Which his unerring Providence intends
Erroneous mankind should not understand,
Would not permit Balcarres' hand,
(That once, with so much industry and art,
Had closed the gaping wounds of every part,)
To perfect his distracted nation's cure,
Or stop the fatal bondage 'twas t' endure;
Yet, for his pains, he soon did him remove
From all th' oppression and the woe
Of his frail body's native soil below,
To his soul's true and peaceful country above.
So, Godlike kings, for secret causes, known,
Sometimes, but to themselves alone,

One of their ablest ministers elect,
And send abroad to treaties which they intend
Shall never take effect;

But, though the treaty wants a happy end,
The happy agent wants not the reward
For which he laboured faithfully and hard;
His just and gracious master calls him home,
And gives him, near himself, some honourable room.

Noble and great endeavours did he bring
To save his country and restore his king;
And whilst the manly half of him, (which those
Who know not love to be the whole suppose,)
Perform'd all parts of virtue's vigorous life,
The beauteous half, his lovely wife,
Did all his labours and his cares divide,
Nor was a lame nor paralytic side;
In all the turns of human state,
And all th' unjust attacks of fate,

Immediately after the Restoration, Lord Balcarres having “pawned and ruined his estate" in the royal cause,* King Charles, in the promptest and kindest manner, settled a pension of L.1000 a-year on his widow and the eldest survivor of her two sons, on the former giving up, during their minority, a patent which had been granted their father of the hereditary government of the Castle of Edinburgh.-And here I think it not only due to the memory of the unfortunate House of Stuart to bear testimony to the constant kindness and sympathy which my own family experienced at their hands, (not merely during the sunshine of their prosperity, but in the darkest hours of mutual destitution and exile,)-but indispensable also, in the present instance, to account for the feeling of personal and affectionate gratitude entertained for them by the author of the following memoirs, and which must be borne in recollection as the key, in great measure, to the whole history of his life.

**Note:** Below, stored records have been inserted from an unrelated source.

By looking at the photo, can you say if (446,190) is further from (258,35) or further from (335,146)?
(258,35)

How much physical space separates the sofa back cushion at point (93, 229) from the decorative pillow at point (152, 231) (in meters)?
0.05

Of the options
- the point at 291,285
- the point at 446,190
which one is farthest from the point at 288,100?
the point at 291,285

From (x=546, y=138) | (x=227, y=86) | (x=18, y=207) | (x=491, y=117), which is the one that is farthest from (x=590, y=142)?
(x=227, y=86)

For several years after the Restoration, Lady Balcarres re

She bore her share and portion still,
And would not suffer any to be ill.
Unfortunate for ever let me be

If I believe that such was he
Whom in the storms of bad success,
And all that error calls unhappiness,

His virtue and his virtuous wife did still accompany!

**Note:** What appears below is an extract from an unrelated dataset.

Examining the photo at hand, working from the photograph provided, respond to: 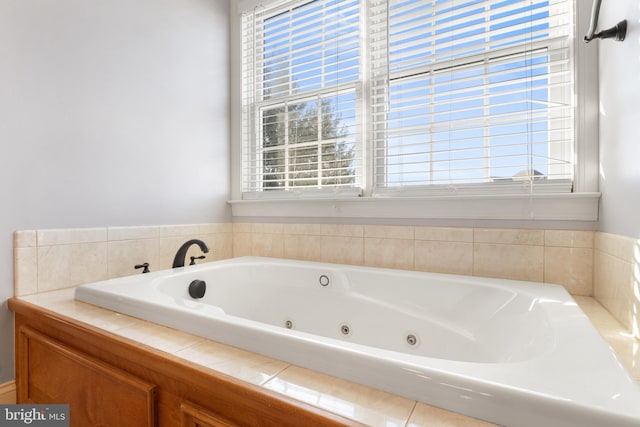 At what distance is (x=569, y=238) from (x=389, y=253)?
849 mm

His wisdom, justice, and his piety,

His courage, both to suffer and to die,
His virtues-and his lady too,

Were things celestial."

Baxter.

sided in privacy in Fifeshire, devoting herself to the education of her children. Charles, the eldest, dying in 1662, her care became then concentrated on the survivor, Colin, and his sisters. Her maternal duties fulfilled, she became the second wife of Archibald, the unfortunate Earl of Argyle, beheaded in 1685, whom also she survived for many years.

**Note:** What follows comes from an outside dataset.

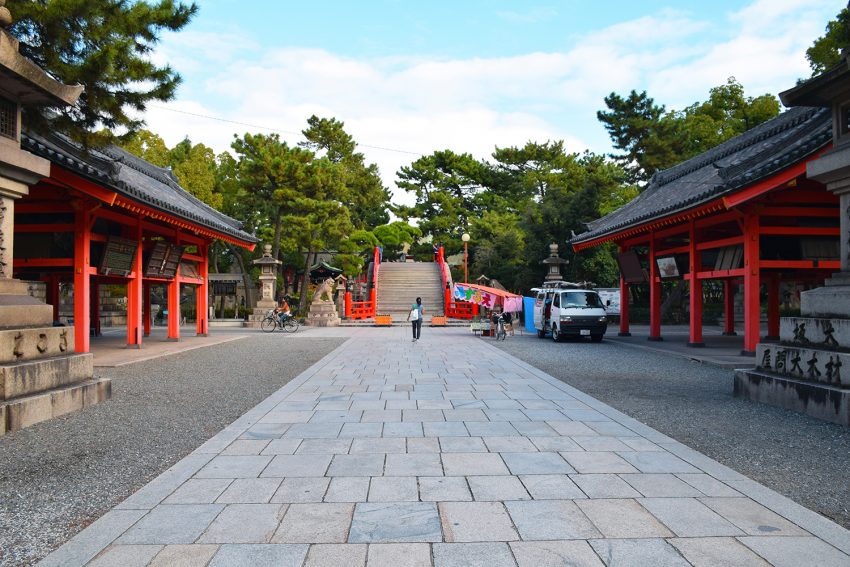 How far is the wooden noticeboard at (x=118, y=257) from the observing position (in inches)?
499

In 1670, on attaining the age of sixteen, Lord Balcarres went to Court, and was presented to King Charles by his cousingerman, the Duke of Lauderdale. He was extremely handsome; the King was pleased with his countenance, said he had loved his father, and would be a father to him himself, and, as an earnest of his favour, appointed him to the command of a select troop of horse, composed of one hundred loyal gentlemen who had been reduced to poverty during the troubles. This post, however, he lost about three years afterwards, in consequence of his marriage with Lady Jean Carnegie, daughter of the Earl of Northesk, which, under the peculiar circumstances, excited the King's displeasure. He was forbid the Court, and lived for six years with his wife in the country, employing his time in acquiring languages and knowledge, and in repairing what was wanting in his education. "These years," says his son, James Earl of Balcarres, in his MS. Memoirs, "he often said, were the happiest part of his life, as he loved his wife, and lived cheerfully and in plenty with his friends." His social qualities, it may be added, were of a very high order; “ the Duke of Marlborough, with whom he had an early friendship,

often said that he was the pleasantest companion he ever knew ;' and a modern historian of the period in which he lived has combined the epithets of "elegant and learned" in the expression of his character. But though elegance may adorn, and talent dignify, the individual in whom they are united, they are insufficient to command esteem; it was to qualities of a far higher order that Lord Balcarres owed that of the hero of Blenheim, owed, indeed I may say, the prolongation of his own life, when, on a subsequent occasion, both of them having long been descending the vale of years, the goodwill which flowed from that esteem interposed to save him from the executioner.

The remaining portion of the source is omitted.